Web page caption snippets
<<<<
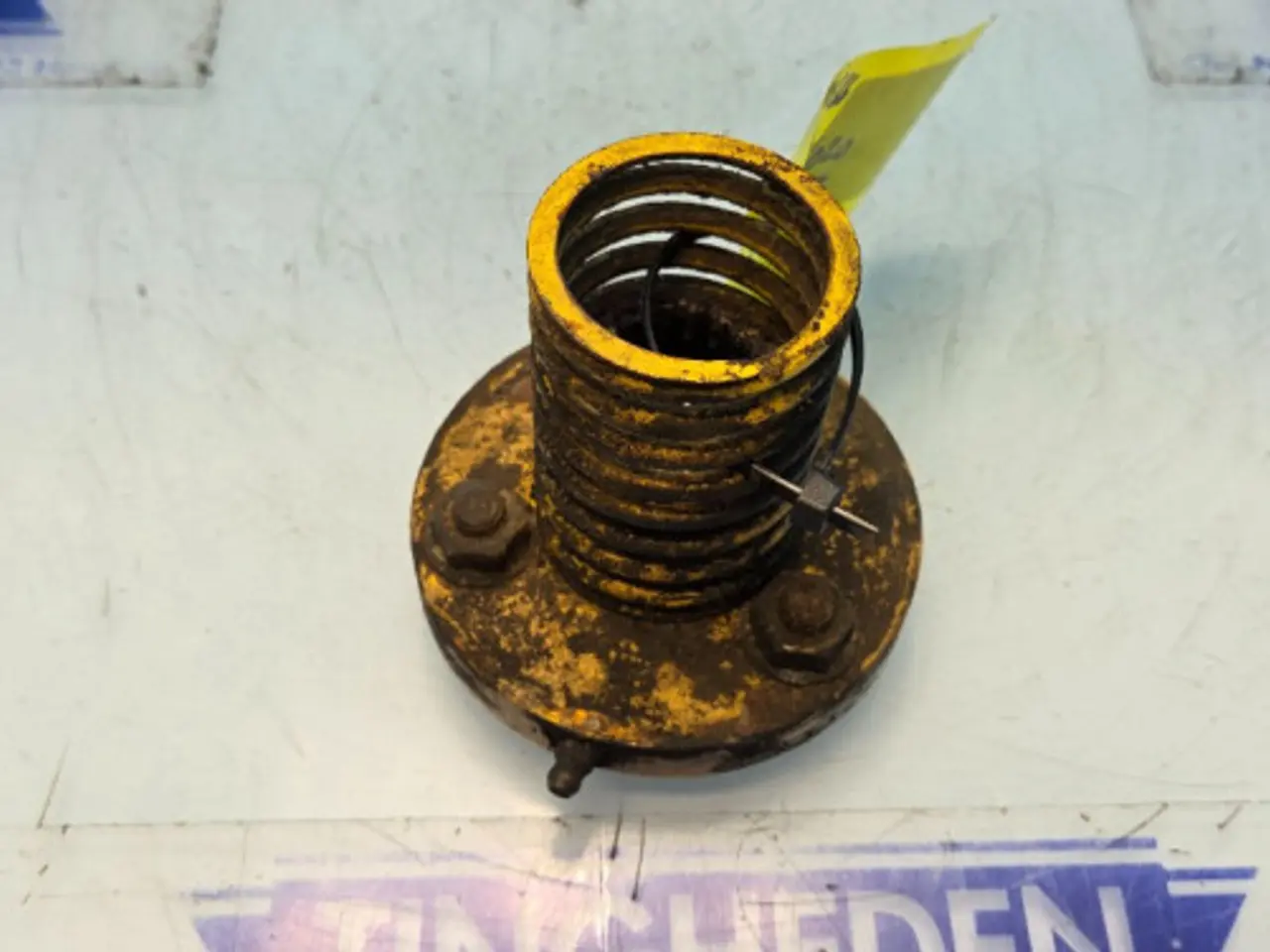 Billede 3 - New Holland TX66 Nav 84056020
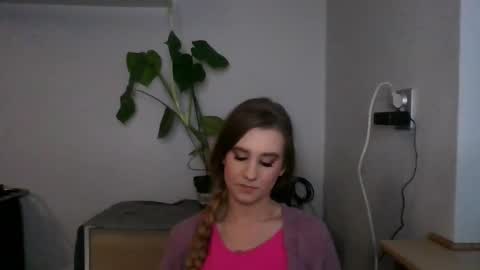 CyntiaNatural online show from 01/07/25, 08:24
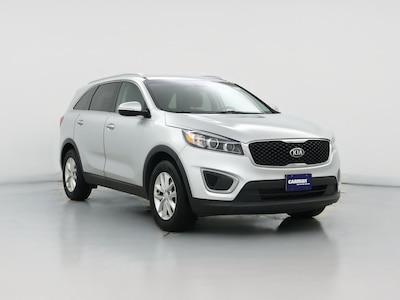 2017 Kia Sorento LX -
                Sterling, VA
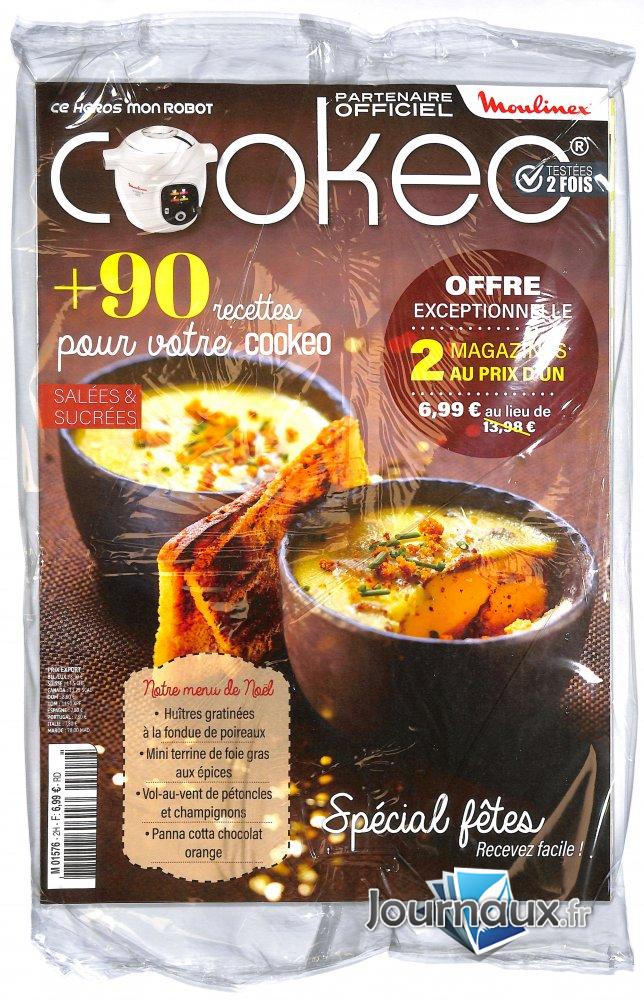 Pack de 2 Magazines Ce Héros Mon Robot  n° 2 2023-11-18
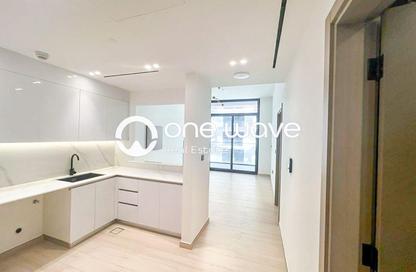 Apartment - 1 - 1 for sale in Binghatti LUNA - District 12 - Jumeirah Village Circle - Dubai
>>>>
Task to complete: Omit every picture while transcribing the records above exactly.

Answer below:
 Billede 3 - New Holland TX66 Nav 84056020
 CyntiaNatural online show from 01/07/25, 08:24
 2017 Kia Sorento LX -
                Sterling, VA
 Pack de 2 Magazines Ce Héros Mon Robot  n° 2 2023-11-18
 Apartment - 1 - 1 for sale in Binghatti LUNA - District 12 - Jumeirah Village Circle - Dubai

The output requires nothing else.